I’m curious if you read the linked Yuwei Cui, Subutai Ahmad, and Jeff Hawkins paper above?

When you ask about benefits there are several answers depending on what you are looking for.

The paper lists: fixed-sparsity representation, utilization of all available resources, robustness to noise , flexibility, and fault tolerance as desirable metrics.

There is some exploration of these properties and the math to show the metrics for these properties. You should be able to manipulate these to optimize whatever property you are looking for.

Rather than me telling you what I think is better it may be best if you decide what trade-offs you consider the best.

I did read it.
I do see the benefits of using SDRs, but you can achieve fixed-sparsity either way.
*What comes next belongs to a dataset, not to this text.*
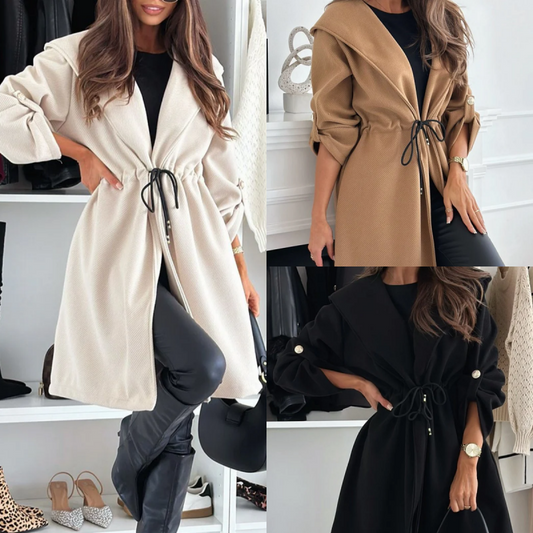 🔥Last day sale 50% OFF💓Women’s Trendy Tie Waist Hooded Long Coat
Robustness to noise, flexibility, and fault tolerance is intrinsic to using SDRs which happens in either case. Utilization of all available resources is done by boosting which is independent of the way sparsity is enforced.

I thought that you asked and answered the efficiency question on an earlier thread:

right. i just asked it here again, because rhyolight linked the paper in which they still pick k-winner instead of narrowing the inhibition radius, so i thought he might know.